Meet Carel Verhoef, a conservationist who advocates eco-friendly tourism

Carel (1)
Carel (1)

What you need to know:

  • Carel Verhoef has been a conservationist for close to two decades; he has been following and documenting the migration, and his 20 years of scientific data in Serengeti-Maasai Mara have been relied on by major news networks.

Arusha. The great migration of wildebeests, zebras and other herbivores across the Serengeti in Tanzania and the Masai Mara in Kenya is the only place in the world that can support up to two million animals migrating from one place to another.

Recognised as a wonder of the world, the migration has annually attracted an influx of tourists from all corners of the world.

This never-ending journey of these magnificent animals to and from these neighbouring countries that the world comes to bear witness to has increasingly been affected by several factors.

Questions have been arising about how long the destruction will finally put a halt to this world wonder.

Mr Carel Verhoef has been a conservationist for close to two decades; he has been following and documenting the migration, and his 20 years of scientific data in Serengeti-Maasai Mara have been relied on by major news networks. CNN Inside Africa held an exclusive interview with him a few years ago, and his concern is still substantial.

Born and raised in Kruger National Park in South Africa, Carel first visited Tanzania as part of the team that came to learn how Tanzania was able to conduct conservation without fences. Ever since, he has established an eco-friendly safari tour company called The Great Migration Camp that uses only mobile camps and tented accommodations.

“We don’t even use the generator,” he says.

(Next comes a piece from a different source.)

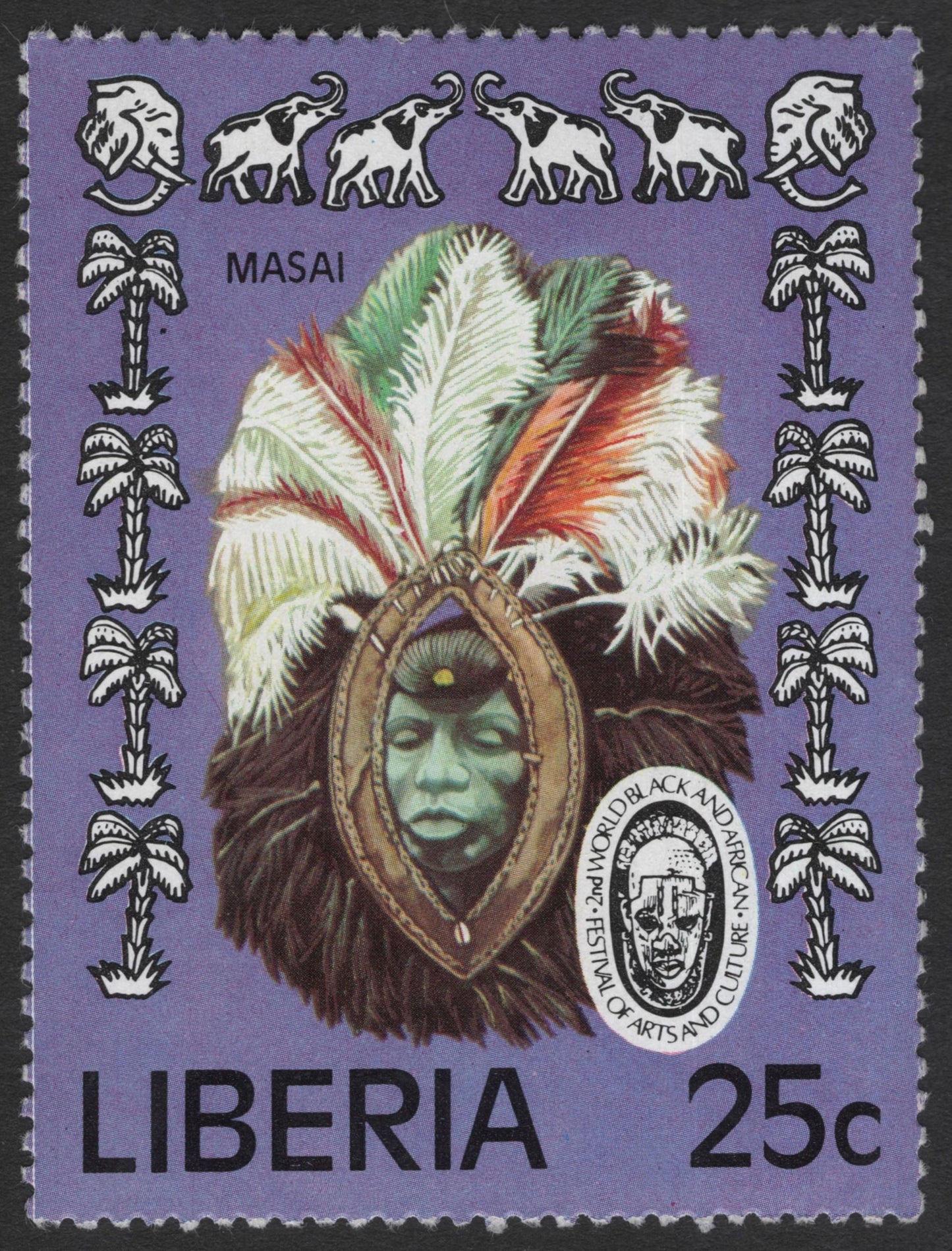 SCG11872 - Liberia Traditional Masks – FESTAC Cultural Heritage Issue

Conservation has been a hot topic in Tanzania; however, Mr Carel insists scientific data supports all the government initiatives in conserving the National Park and surrounding areas. There has been negative publicity, but Tanzania is largely a success story when it comes to conservation,” he said.

“Together with the Tanzanian government, we have new technology to solve human-wildlife conflicts,” he adds.

Tanzania is geographically crucial in connecting Southern and East African elephant populations, so keeping the corridors open is very important and thus practices fenceless conservation.

For the last 20 years that he has been tracking the migration, Mr Carel has noticed the migration is getting ‘boxed in; the space on the Serengeti side is slowed being encroached; already, he says Maasai Mara has been invaded by cattle grazing in the area; it’s a dire situation because cattle are owned by humans.

Once humans are involved, human rights activists will always be on their side.

With the human population closing in, Mr Carel fears that the number of migrating animals will drop. “Once that number drops to a certain level, the animals will stop migrating,” he warned.

This won’t be the first time; in the 1950s and ‘60s, the wildebeest population was not of a sizable number, and the animals did not migrate across the two countries; only after intervention and an increase in the population did the migration start occurring.

Mr Carel operates The Great Migration Camp, an eco-friendly tour company that does not use a single brick or mortar.

A tourist gets to witness what it is like to eat lunch while the lion roars next to the tent, an exhilarating experience that remains ingrained in the minds of tourists long after they have departed Tanzania, but to Mr Carel, it is part of his endeavour to conserve the environment and heal the nature that has been affected by human activities for far too long.

“It’s a zero-impact camp; we all run on sustainable energy,” he said. I grew up in the bush when my father was an archaeologist, so this is nothing new to me, but still, the camp is more comfortable than my house; we have hot showers and everything,” he added.

Most tourists who have spent a day or two in the tents leave with amazement at how it’s so enjoyable to live so simply without the bulk of modern technology and how that draws one close to nature.

One tourist still remembers hearing hyenas howling outside his tent, with only the tent fabric separating him from the beast. More impressive is that people learn how to use a minimal amount of water for their daily use, and they are always baffled at how one can truly get by without wasting resources. Most tourists go back to their world with reformed minds.

“We aim to show that you can live a life with the least effect on the environment and still be content,” he said.

Mr Carel has visited Tanzania’s national parks for decades now, and he is impressed with how the conservation efforts have been achieved compared to other countries.

He still faults the herders who encroach on the conversation land that largely bring about human-animal conflicts, the human activities he says that will be detrimental to the environment, drive away the wildebeests, and put the great migration in tatters.

He asserts that Tanzania is such a big country to have land problems, and he emphasises the importance of conserving the national parks and buffer zones. He acknowledges the polarising views on this matter, but he insists on looking at the scientific data that is readily available.

“This debate has been there long before the discussion of hunting blocks’,’ he mentions.

If the great migration stops, so will be revenue for the economy chain that survives on it, from the hotels and all the Tanzanian youth employed there, but a big chunk of the tourism foreign exchange that comes from visitors will dry up. But as a conservationist, Mr Carel thinks much further in the future about what kind of country the Tanzanian younger generation will inherit. Thinking a hundred years from now, he says: “Once you lose this, you never get it back; that’s what people do not realise,” he warns.